____ Material to process
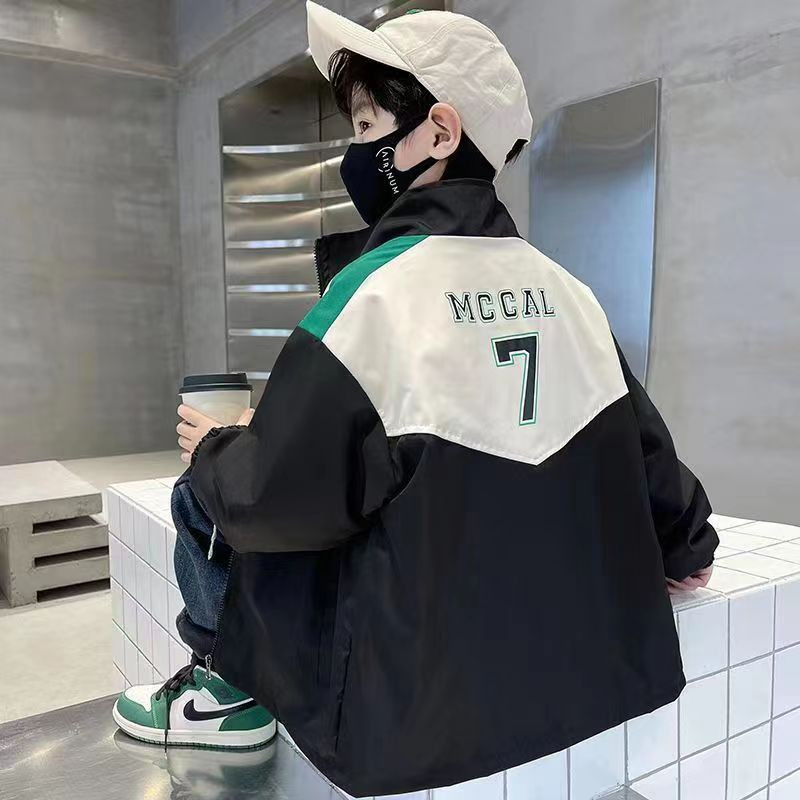 Bērnu sporta kostīmi lieliem zēniem apģērbu komplekts atpūtai bērnu treniņtērpi korejiešu stila apģērbi pusaudžiem 4 5 6 8 11 12 14 gadus veci rudens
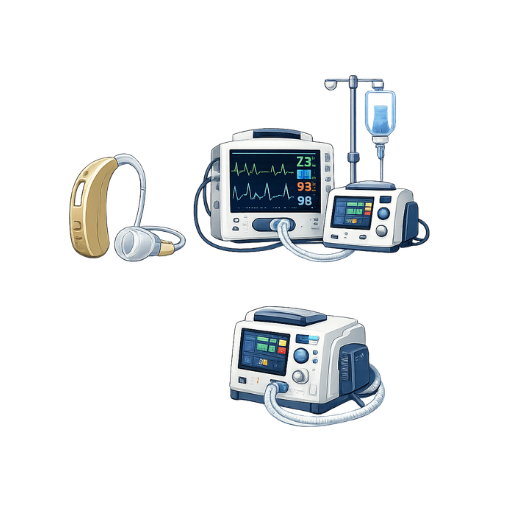 MHRA Medical Device Registration Class IIb
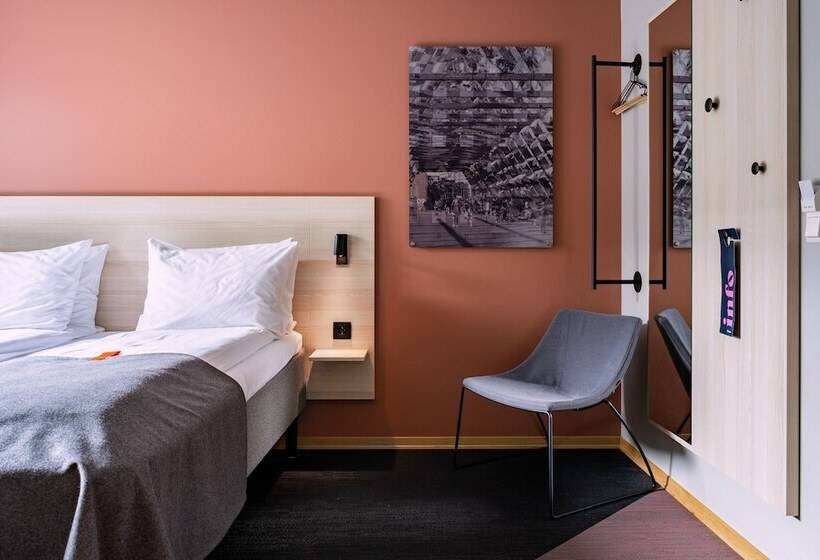 اتاق استاندارد, Citybox Oslo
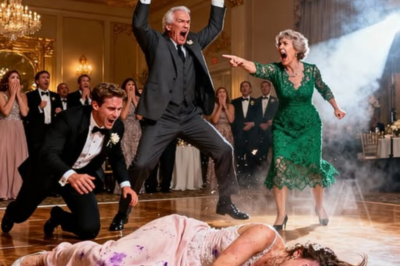 “Mis padres intentaron robarme mi casa de 450.000 euros en la boda de mi hermana, hasta que su prometido reveló el secreto que destruyó toda su vida…”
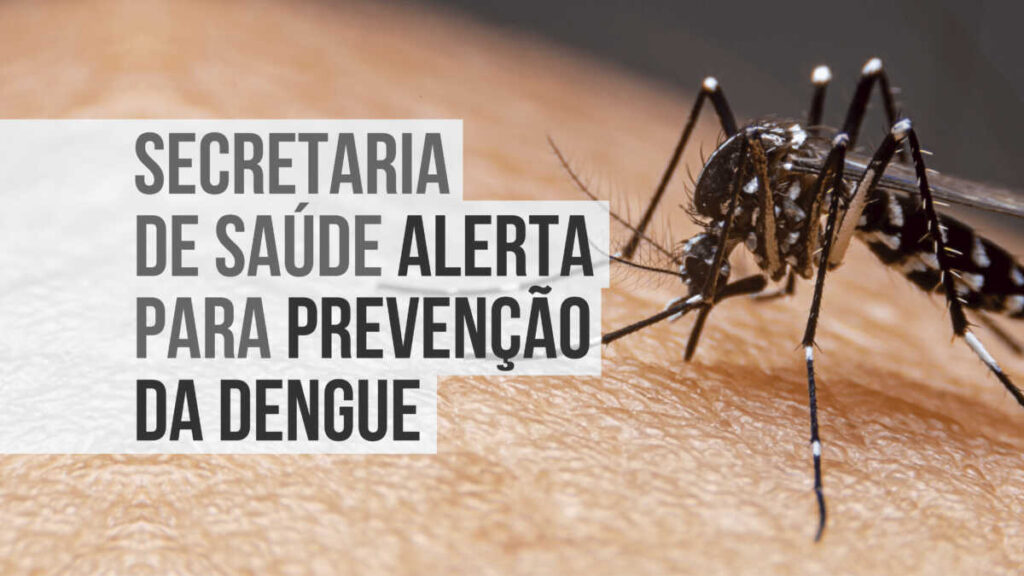 Balneário Camboriú reforça ações de prevenção contra a dengue durante o verão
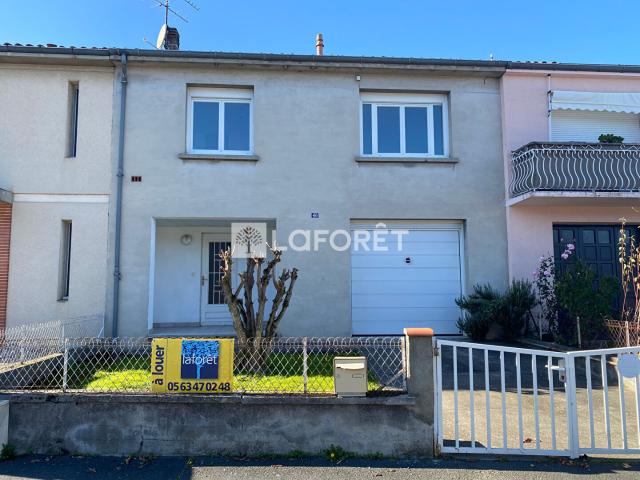 Maison 4 pièces 95 m²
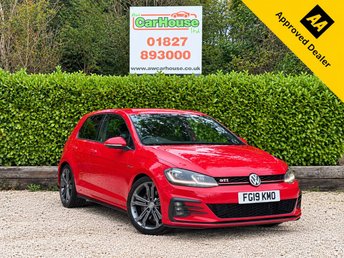2019 Volkswagen Golf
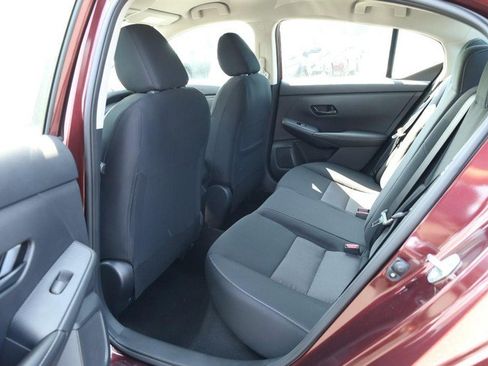 New 2025 Nissan Sentra SV w/ All-Weather Package image 20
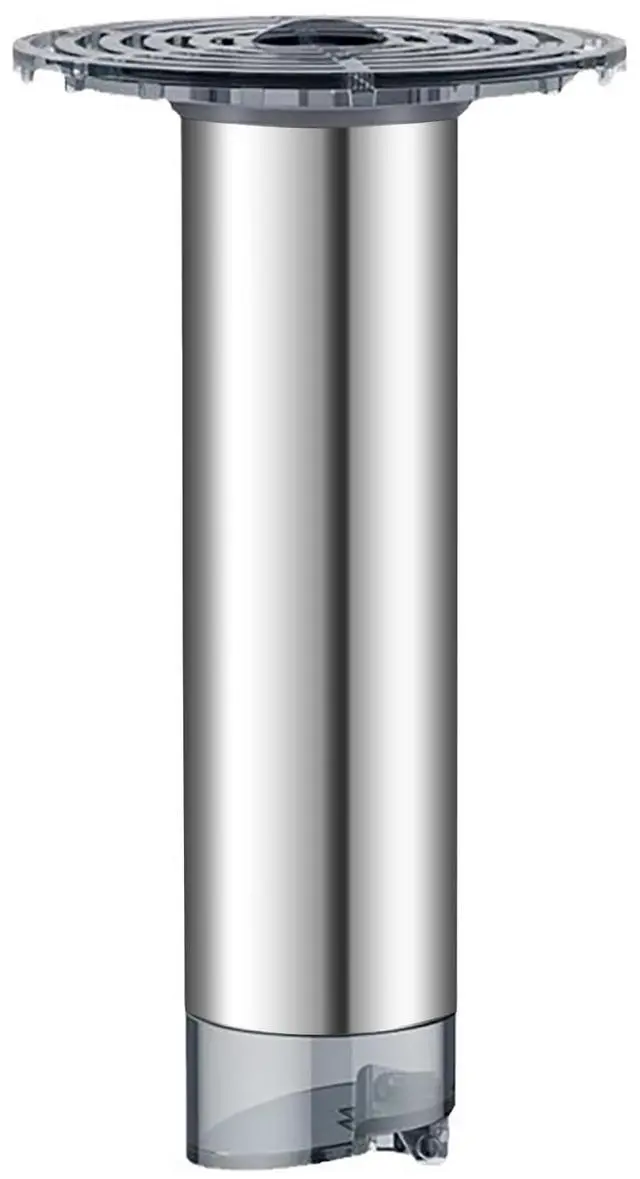 Main image of Stainless Steel Extended Anti Odor Floor Drain,Prevent Odor Dispersion in Bathrooms,for Fixing a misaligned Leak in a Shower Drain Pipe.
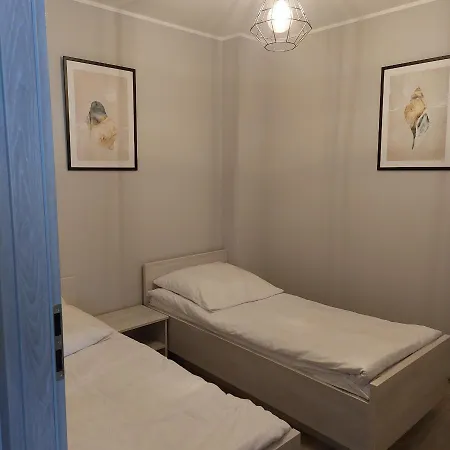 Komfortowy W Zachodniej Części Kołobrzegu Apartament Kołobrzeg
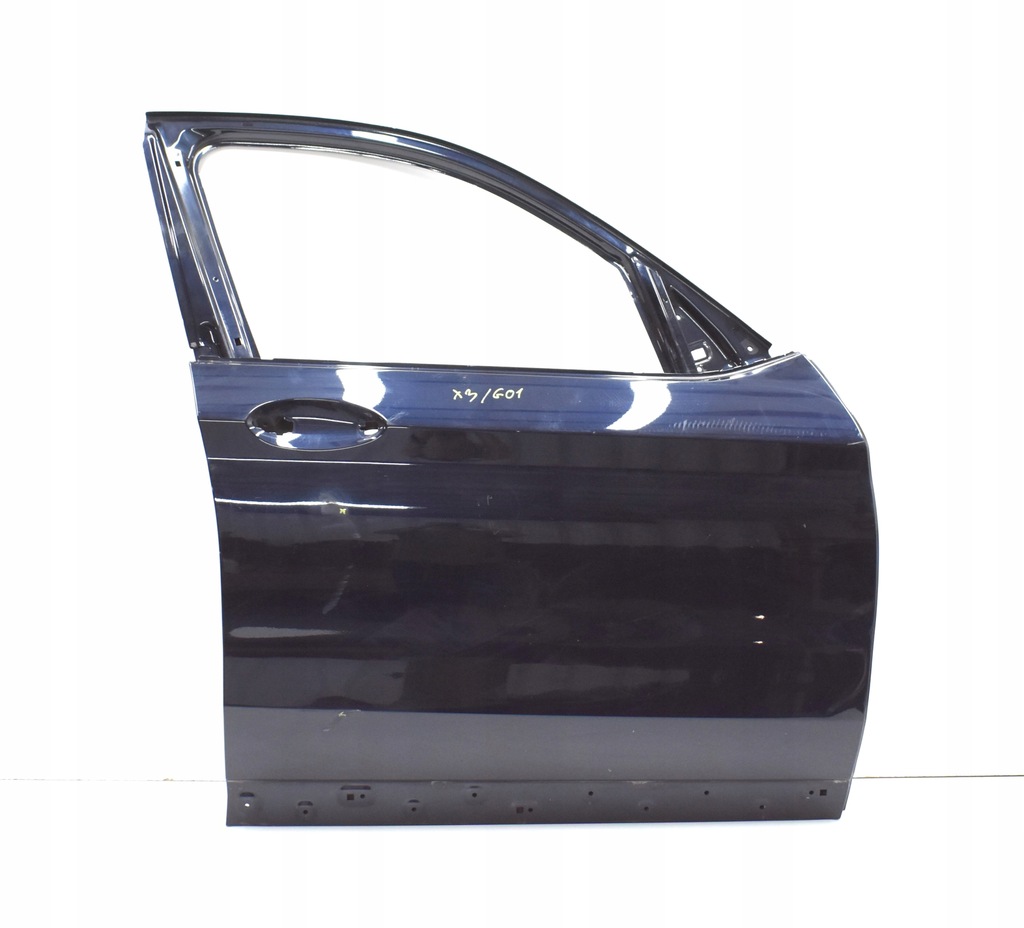 фото №1, Bmw x3 g01 двері праве перед передні org
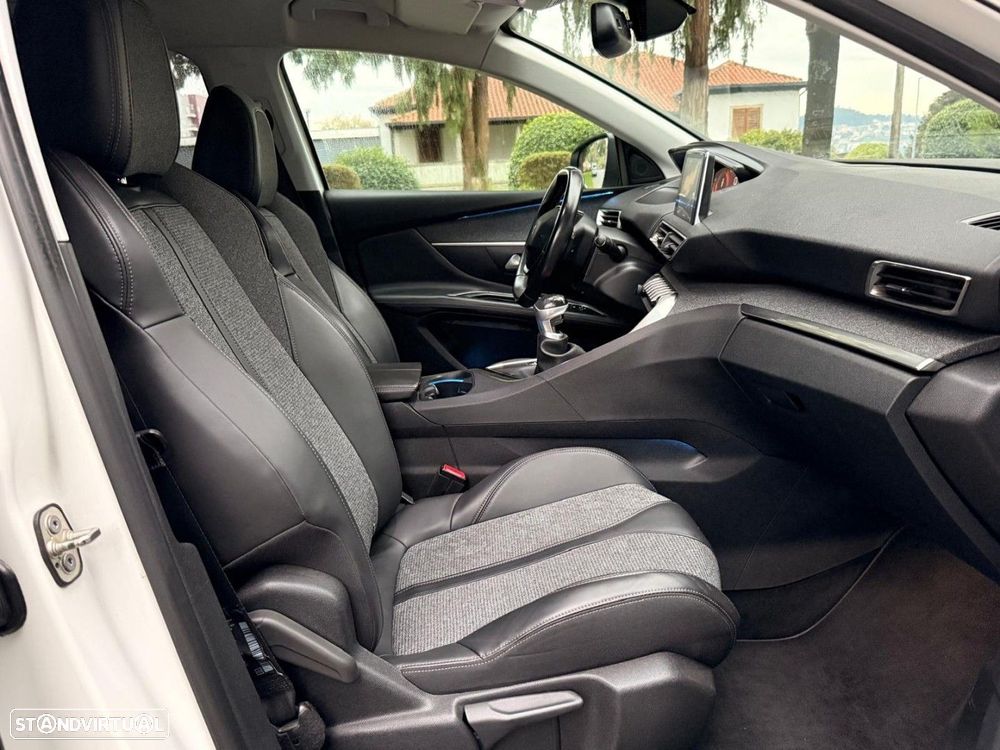 Peugeot 3008 1.6 BlueHDi Allure - 14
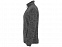 Куртка флисовая Artic, мужская, черный меланж с логотипом  заказать по выгодной цене в кибермаркете AvroraStore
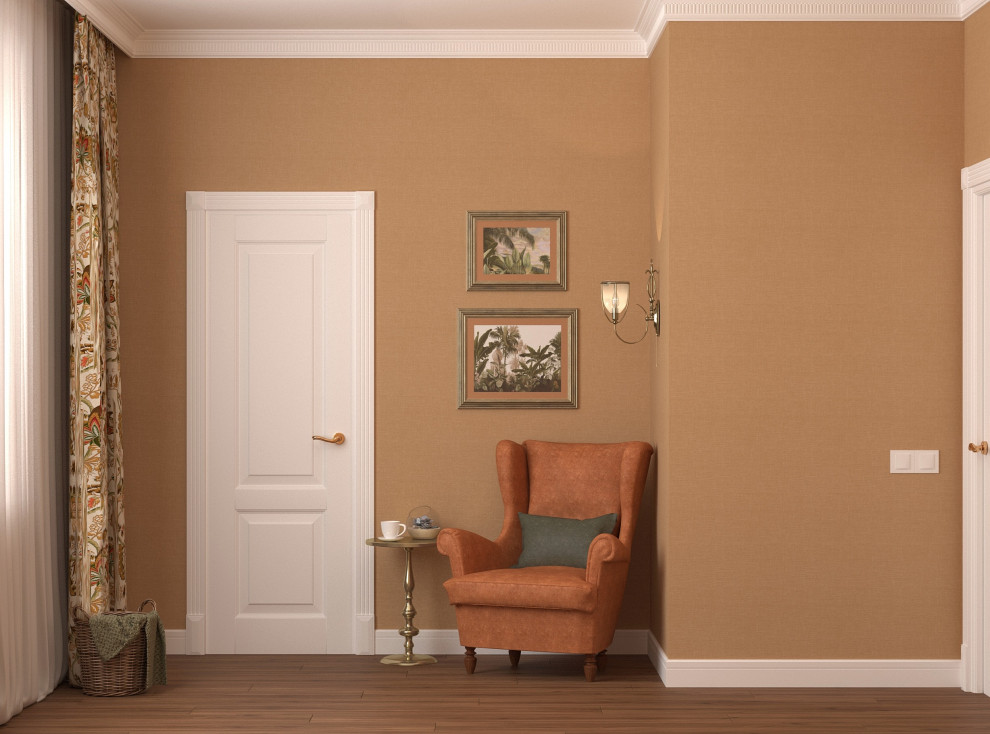 Мечты о колониальном интерьере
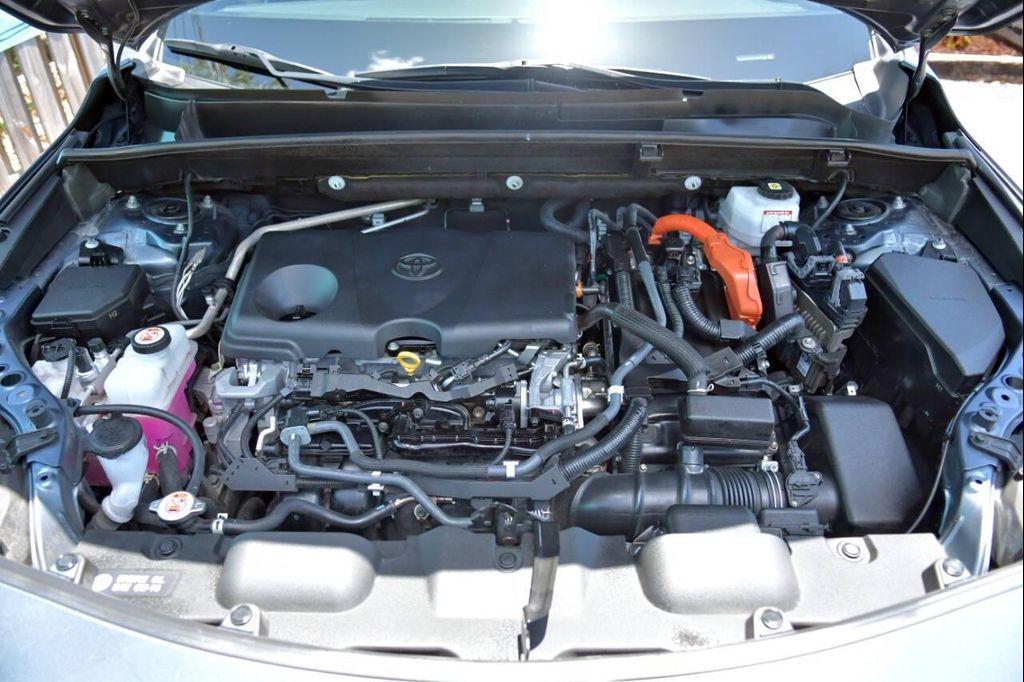 used 2021 Toyota Venza car, priced at $19,750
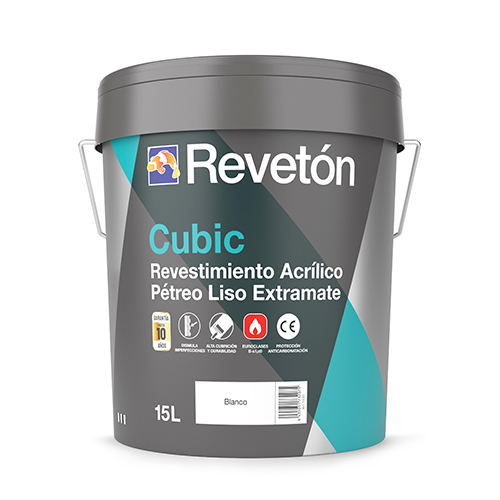 Revetón Cubic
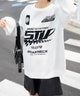 ホワイト モデル:155cm F着用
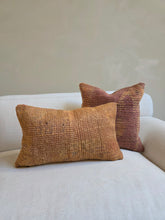 Load image into Gallery viewer, Vintage Wool Pillow - No. 015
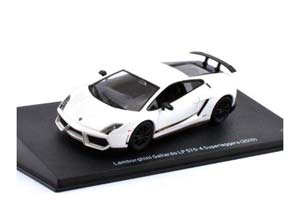 LAMBORGHINI GALLARDO LP 570-4 SUPERLEGGERA 2010 WHITE — фото 3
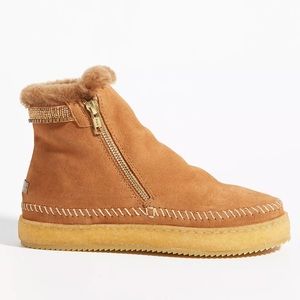 Laidback London Setsu Ankle Boots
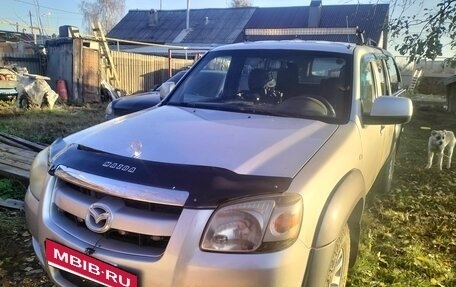 Mazda BT-50 II, 2007 год, 850 000 рублей, 1 фотография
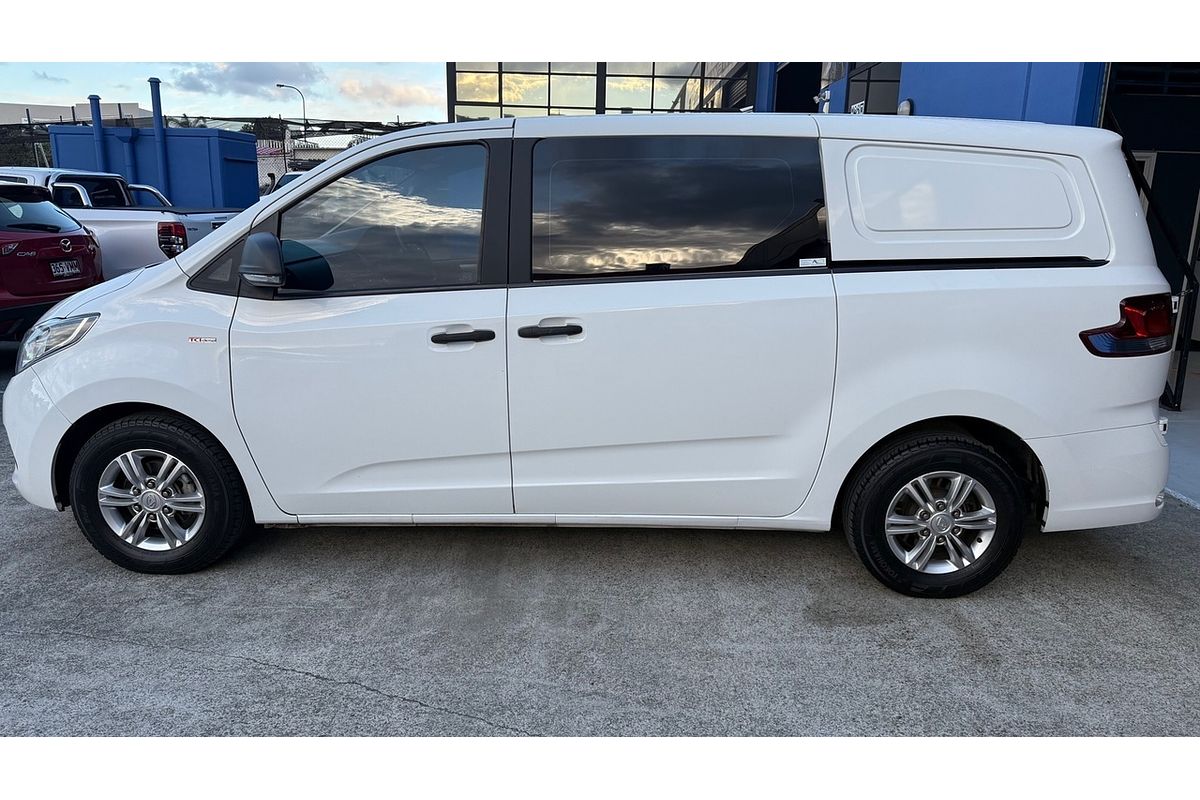 2019 LDV G10 SV7C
________
Task description:
Take each line from the records and copy it unchanged, leaving images out.

Task result:
 Bērnu sporta kostīmi lieliem zēniem apģērbu komplekts atpūtai bērnu treniņtērpi korejiešu stila apģērbi pusaudžiem 4 5 6 8 11 12 14 gadus veci rudens
 MHRA Medical Device Registration Class IIb
 اتاق استاندارد, Citybox Oslo
 “Mis padres intentaron robarme mi casa de 450.000 euros en la boda de mi hermana, hasta que su prometido reveló el secreto que destruyó toda su vida…”
 Balneário Camboriú reforça ações de prevenção contra a dengue durante o verão
 Maison 4 pièces 95 m²
2019 Volkswagen Golf
 New 2025 Nissan Sentra SV w/ All-Weather Package image 20
 Main image of Stainless Steel Extended Anti Odor Floor Drain,Prevent Odor Dispersion in Bathrooms,for Fixing a misaligned Leak in a Shower Drain Pipe.
 Komfortowy W Zachodniej Części Kołobrzegu Apartament Kołobrzeg
 фото №1, Bmw x3 g01 двері праве перед передні org
 Peugeot 3008 1.6 BlueHDi Allure - 14
 Куртка флисовая Artic, мужская, черный меланж с логотипом  заказать по выгодной цене в кибермаркете AvroraStore
 Мечты о колониальном интерьере
 used 2021 Toyota Venza car, priced at $19,750
 Revetón Cubic
 ホワイト モデル:155cm F着用
 Load image into Gallery viewer, Vintage Wool Pillow - No. 015
 LAMBORGHINI GALLARDO LP 570-4 SUPERLEGGERA 2010 WHITE — фото 3
 Laidback London Setsu Ankle Boots
 Mazda BT-50 II, 2007 год, 850 000 рублей, 1 фотография
 2019 LDV G10 SV7C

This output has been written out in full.